▸ **Information provided**
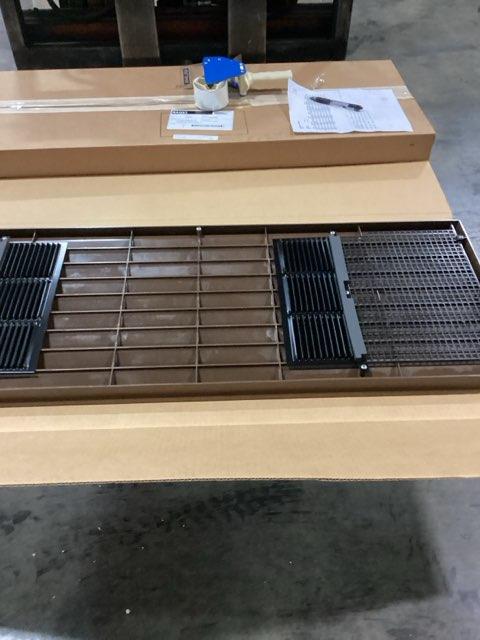 12,000 BTU Packaged Terminal Heat Pump W/ 7-15 KW Heat, 42" x 16" Steel Wall Sleeve with Rear Grille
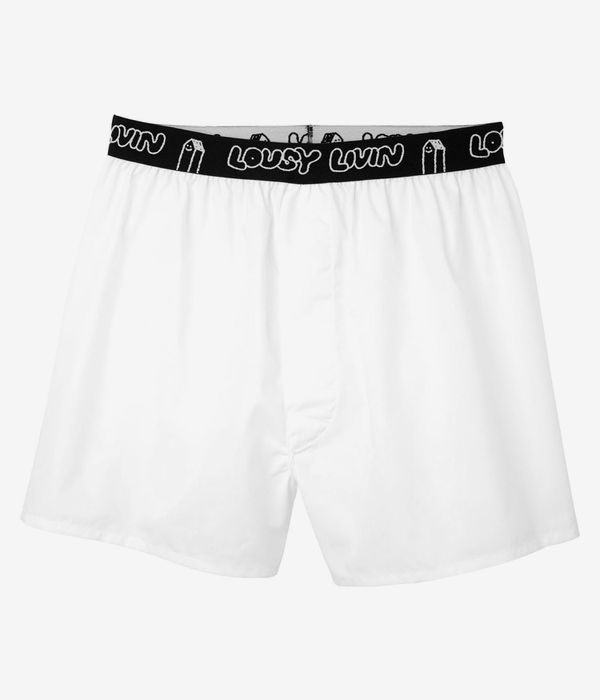 Lousy Livin Boxerbriefs Boxershorts (black white) 2er Pack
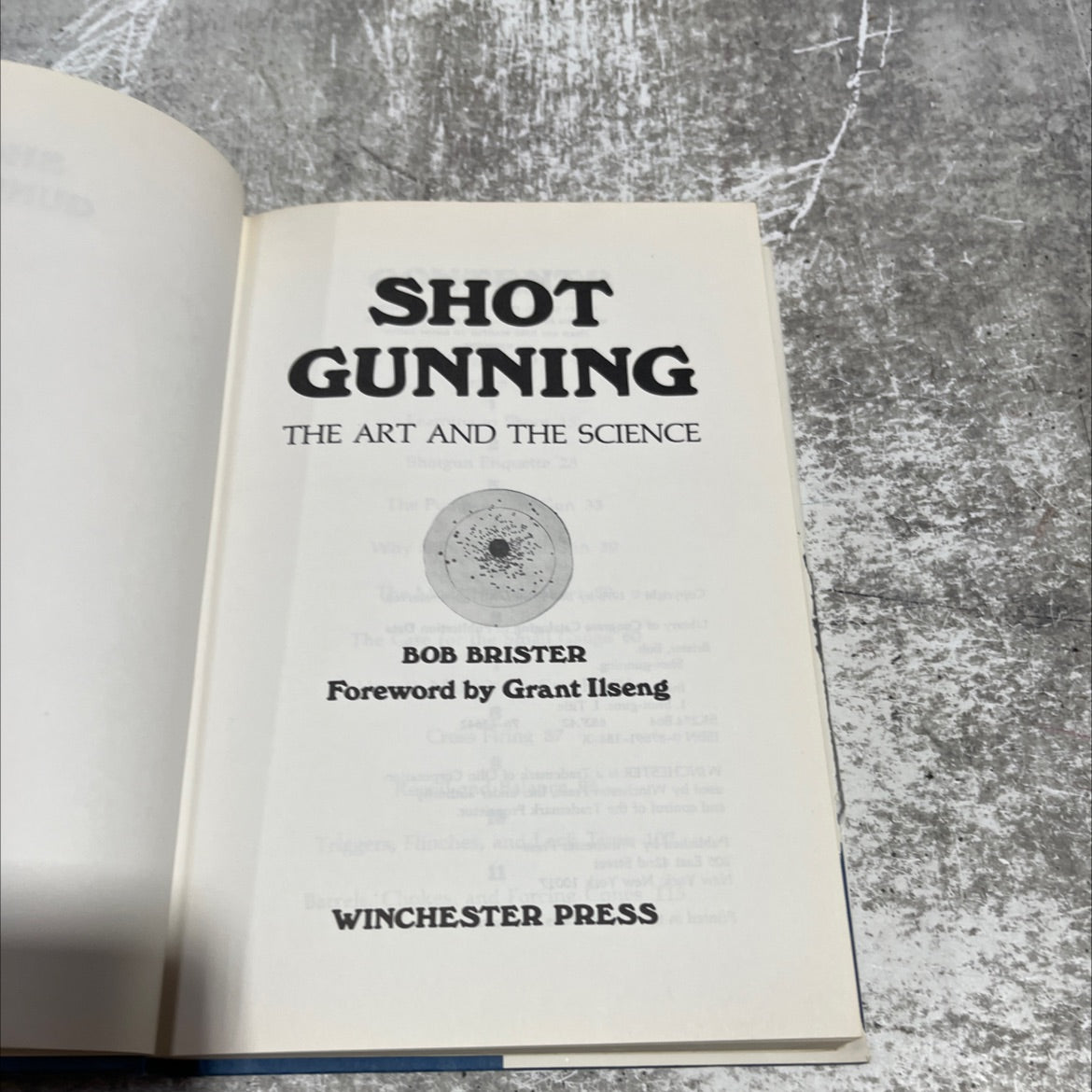 shot gunning the art and the science book, by bob brister, 1976 Hardcover image 2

▸ **Your assignment**
The answer must be an exact copy of the lines from the one that holds "Lousy Livin Boxerbriefs" through the end of the data, both included, with no pictures.

▸ **Exercise response**
 Lousy Livin Boxerbriefs Boxershorts (black white) 2er Pack
 shot gunning the art and the science book, by bob brister, 1976 Hardcover image 2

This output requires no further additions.